Disorientated pilots thought plane was upside down before fatal crash
TWO Air Corps pilots became so disorientated that they may have thought they were flying upside down before a fatal crash.
A report into the deaths of Captain Derek Furniss (32) and Cadet David Jevens (22) in October 2009 found their aircraft took a "rapid series of steep turns" as it flew through a narrow valley before crashing into a Co Galway bog.
A report from the Air Accident Investigation Unit found that the probable cause of the crash was "spatial disorientation", which may have resulted in the pilots believing their aircraft was upside down and was plummeting to the ground when in fact it was ascending or flying level.
The investigation found that very changeable weather conditions and flying at high speed in a mountainous area while visibility was reduced were contributory factors.
Capt Furniss was from Rathfarnham in Dublin and had written about disorientation while still a cadet. Cadet Jevens, from Davidstown Glynn in Co Wexford, was due to qualify as a pilot just months after the fatal crash.
The pair had set off at 4.20pm on October 12 for a training flight from Casement aerodrome in west Dublin to Galway Airport, via Cavan and Connemara.
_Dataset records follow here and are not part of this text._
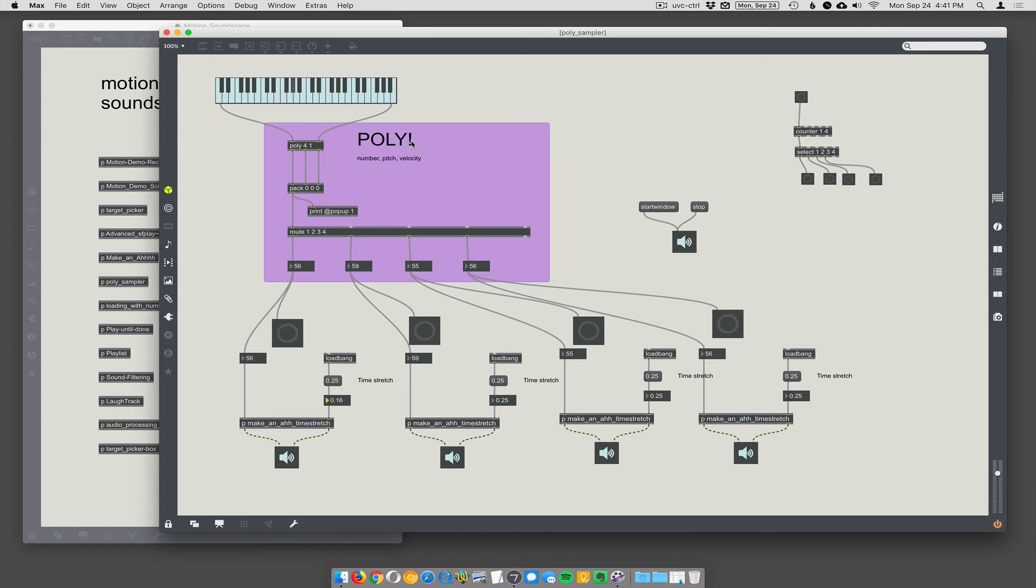So you could have these triggering events or whatever you need, and there would be some polyphonic capability. Cool. Yeah. All right.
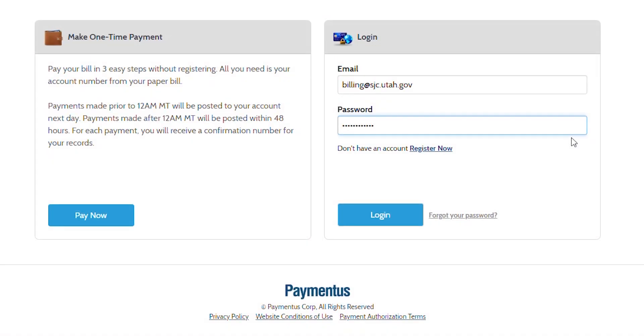Once you've created a customer profile, your next step is to add an account. Start by entering your email and password that you created when creating your customer profile. Then simply log in.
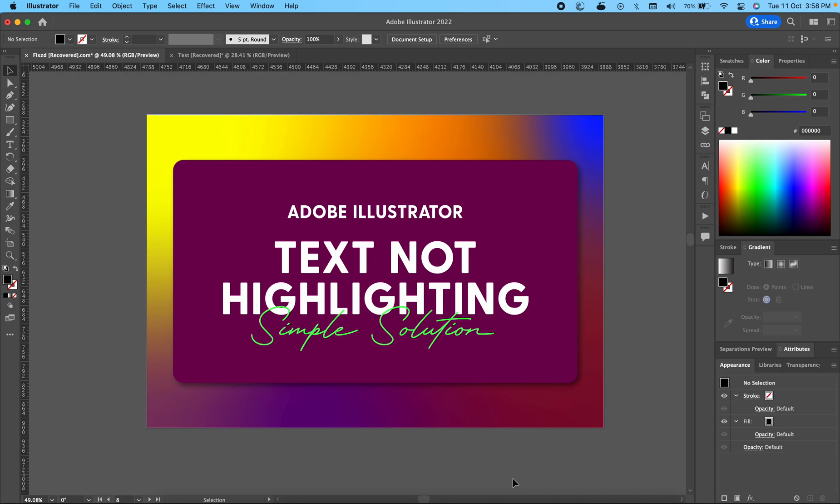Faroo Kamal from fix.com. Today we're going to discuss why text is not highlighting while you're selecting a bunch of text in Adobe Illustrator. The fix to this problem is very simple and you just need to understand the core reason.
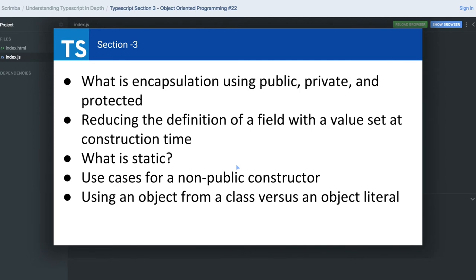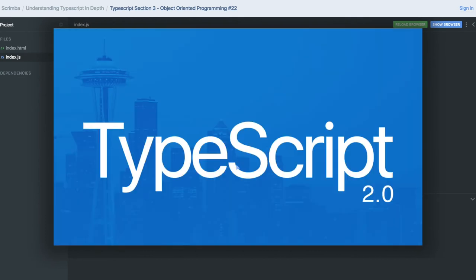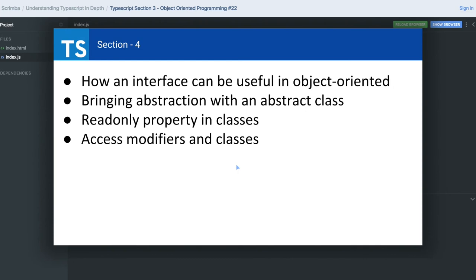We'll discuss how to declare static methods and static variables, using an object from a class versus an object literal, and then we will talk about the read-only property in classes or functions.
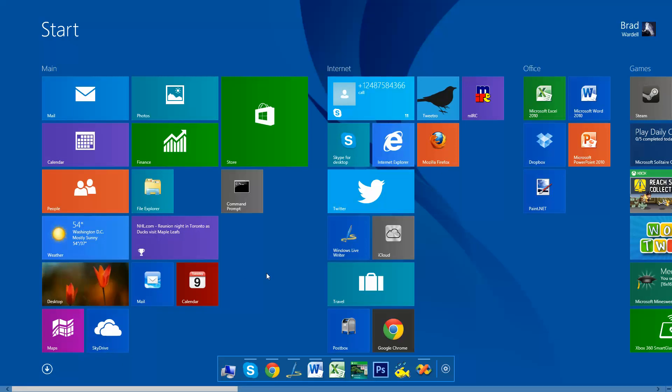Hi, this is Brad Wardell from Stardock, and today I'm going to show you our newest program called Launch 8, which you can see down here.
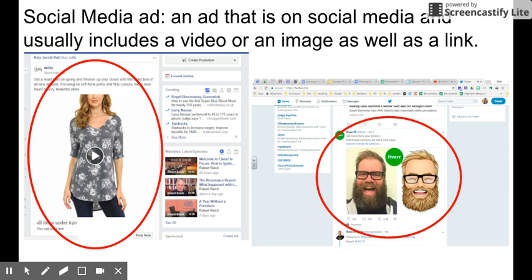Another type of ad is a social media ad. You can see a Facebook ad and a Twitter ad, but Snapchat has ads too — really all social media has ads. They usually always include a picture or video with a link, so you can click on whatever it is that they are trying to sell to you. Social media ads work really well if you're trying to sell to a certain market because on social media you can pick who you want to see it really specifically.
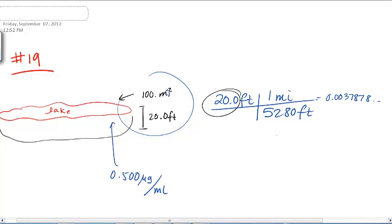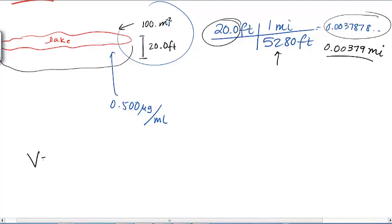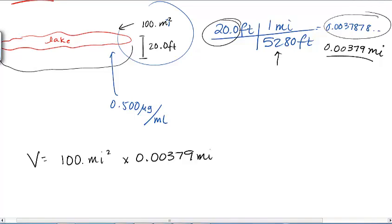That's way too many sig figs — we're starting with 3 significant figures and 5,280 is a definition, so we round to 3 significant figures: 0.00379 miles. Now we know the depth in miles and the area in miles squared, so the volume is 0.00379 miles times 100 miles squared. The calculator gives us approximately 0.379 miles cubed. I'm keeping the full unrounded value in the calculator for now.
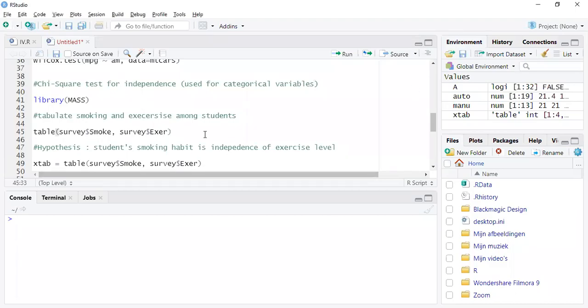Hi, in this video I'll talk to you about chi-square test for independence. Chi-square test for independence is used to compare two categorical variables. In the last few videos we saw how to compare two samples like continuous variables, but you can also compare two samples.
They were flying a Pilatus PC-9M training aircraft.
But bad weather near Lough Mask on the Galway/Mayo border resulted in the aircraft taking an alternative route to Maum in Co Galway, with the airplane keeping visual contact with the ground.
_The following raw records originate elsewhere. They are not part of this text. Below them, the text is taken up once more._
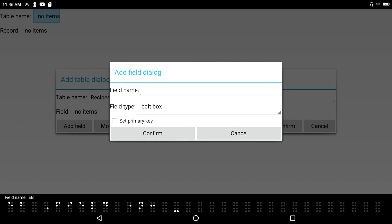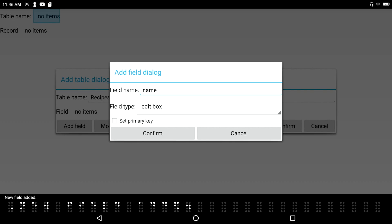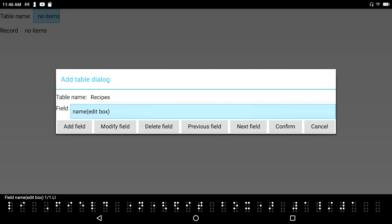Field name edit box. Let's call this one 'name' — we want to know what we're cooking here. I typed it in contracted Braille followed by enter. New field added. Field name edit box, 1 of 1 list item.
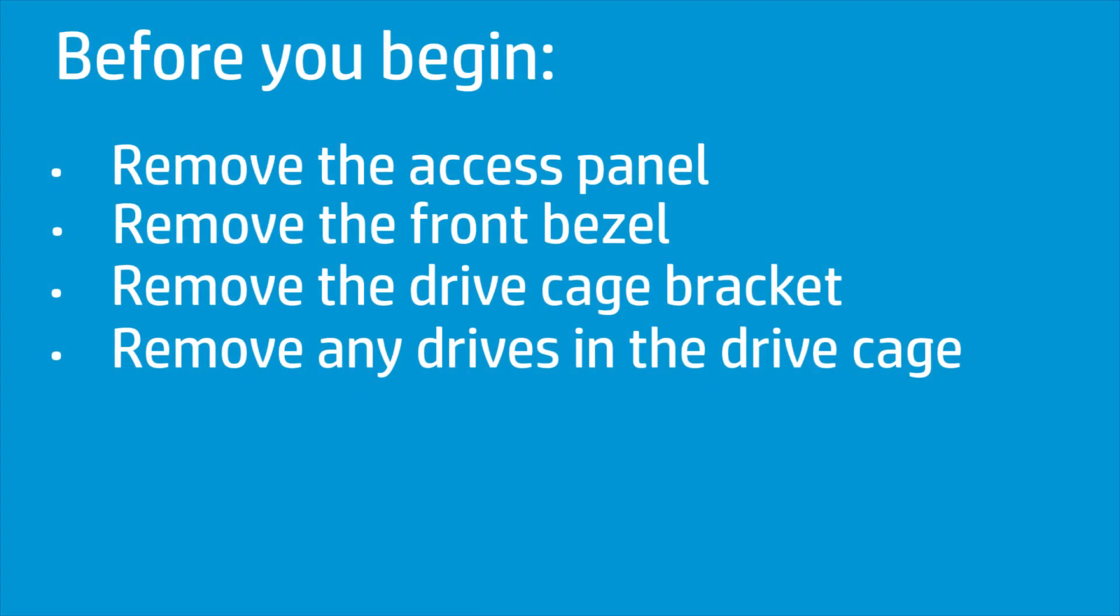Before you begin, remove the access panel, front bezel, drive cage bracket, and any drives installed into the drive cage.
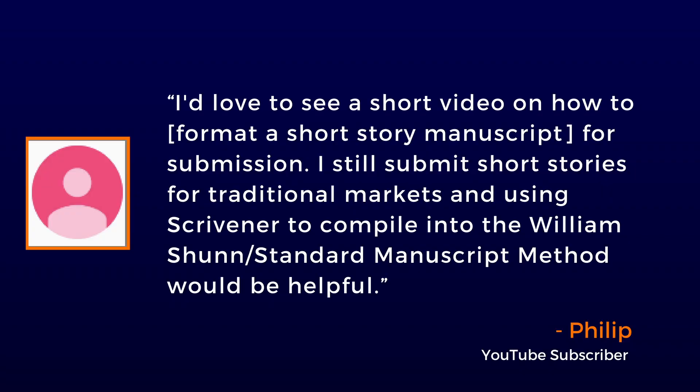I know a lot of you guys write short stories and submit them to magazines, and it can be a nightmare keeping everything organized. Subscriber Phillip asks, I'd love to see a short video on how to format a short story manuscript for submission.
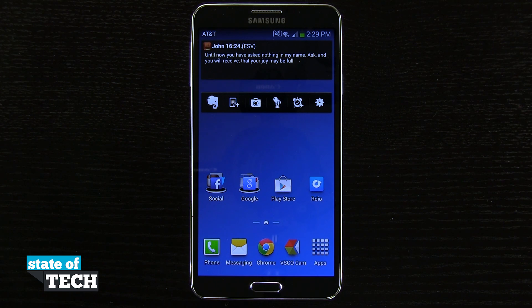Welcome to State of Tech. This is James here with a Samsung Galaxy Note 3 tip for you. I'm going to show you how to change your default home screen.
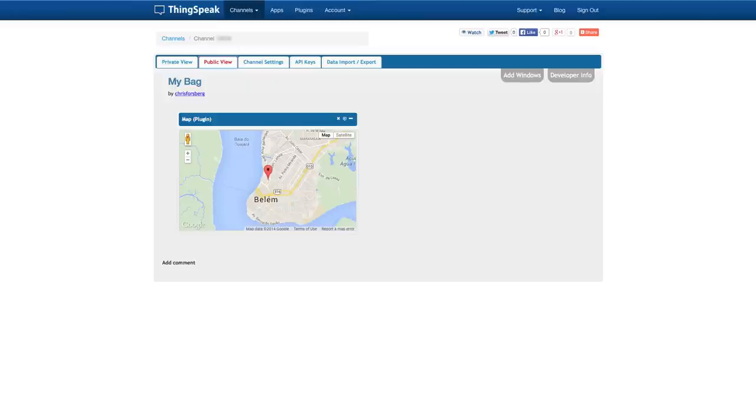So that's how you can use the Internet of Things in the travel sector and with that I wish you the best of luck with your Internet of Things projects. Thank you!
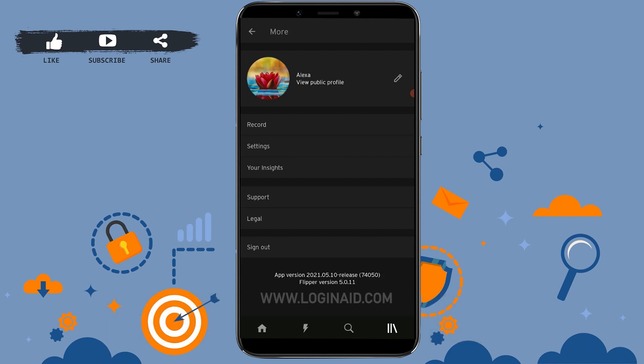Please like and subscribe the Login Aid channel and do click on the bell icon for notifications and updates on videos. Thank you.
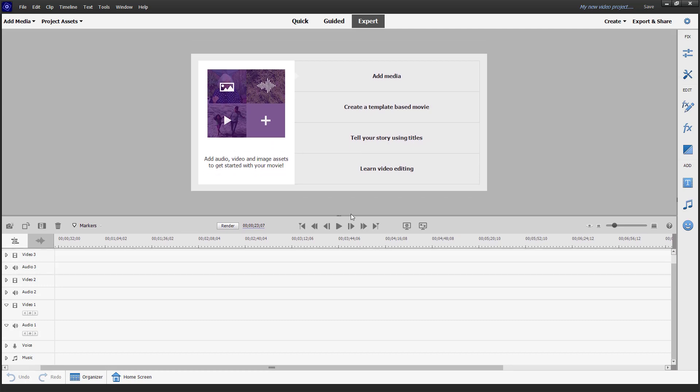And that is how you can enable and disable the dual monitor workspace inside of expert mode in Adobe Premiere Elements. I hope you guys learned something. As always, please like, comment, share and subscribe.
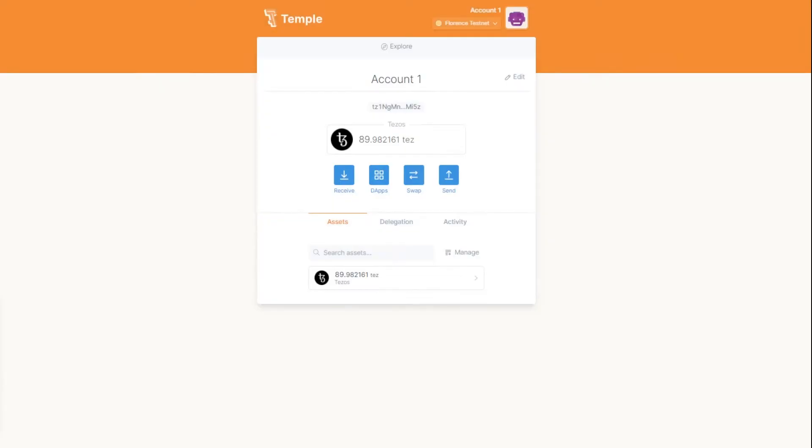Greetings from the MadFish team. We're continuing our how-to educational series on Temple Wallet, and in this video we'll show you how to find and save your private key and seed phrase.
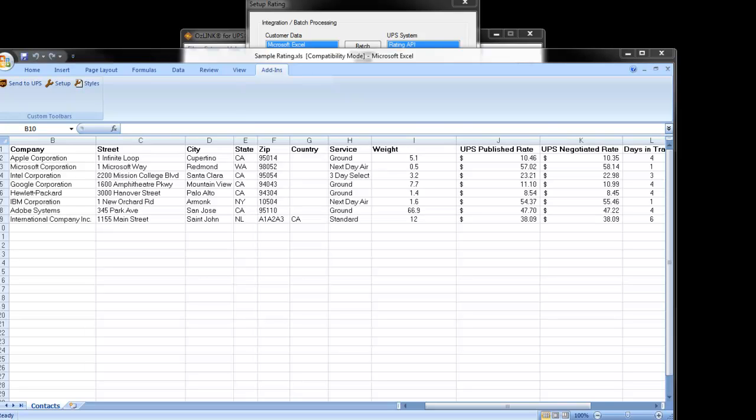That would require the plus version. The plus version is also required for any type of batch processing from an Excel spreadsheet. For a complete feature comparison list, you can always visit www.ausdevelopment.com forward slash UPS ready.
At 4.50pm, eyewitnesses saw the aircraft cross a ridge into the 'narrow and steep-sided' Crumlin Valley, before it began to undertake a rapid series of steep turns and climbs.
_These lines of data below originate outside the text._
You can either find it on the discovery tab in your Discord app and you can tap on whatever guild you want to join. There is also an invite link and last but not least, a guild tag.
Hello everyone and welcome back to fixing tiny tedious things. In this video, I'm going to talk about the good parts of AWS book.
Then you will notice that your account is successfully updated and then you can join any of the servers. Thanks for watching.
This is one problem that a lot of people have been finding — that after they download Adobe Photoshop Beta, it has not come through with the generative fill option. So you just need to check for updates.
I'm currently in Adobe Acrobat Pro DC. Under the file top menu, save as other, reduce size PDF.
The cockpit voice recorder noted that alarms sounded to say the aircraft was flying too low, and Capt Furniss took control. Six seconds later he was recorded as saying: "Bad decision now". Seconds later the recording ended.
The men died after crashing into a hill at Crumlin East, near Cornamona on the Galway/ Mayo border. No technical faults were found with the aircraft, and the accident was "not survivable".
Cadet Jevens died the day before his 22nd birthday, leaving his parents having to face the "almost impossible reality" of not seeing their first-born child prosper, his father Donal said last night.
His brother Christopher and sister Sarah had "lost a lifetime" with their brother, and his girlfriend Niamh had lost a "future of hopes, dreams and joy."
"David should not be gone from us, he had his life to live, he had his dreams, aspirations and future to look forward to," Mr Jevens said.
He criticised the delay in the publication of the report.
Defence Forces Chief of Staff, Lieutenant General Sean McCann, extended his sympathies to the dead men's families.
"I have ensured that all recommendations in the report have been implemented or are being implemented," he added.
Cadet Jevens was considered "one of the better students" in his class, the report found, noting that Capt Furniss took control of the aircraft in Crumlin Valley, "and there is no evidence that the cadet had any further input into the operation of the aircraft".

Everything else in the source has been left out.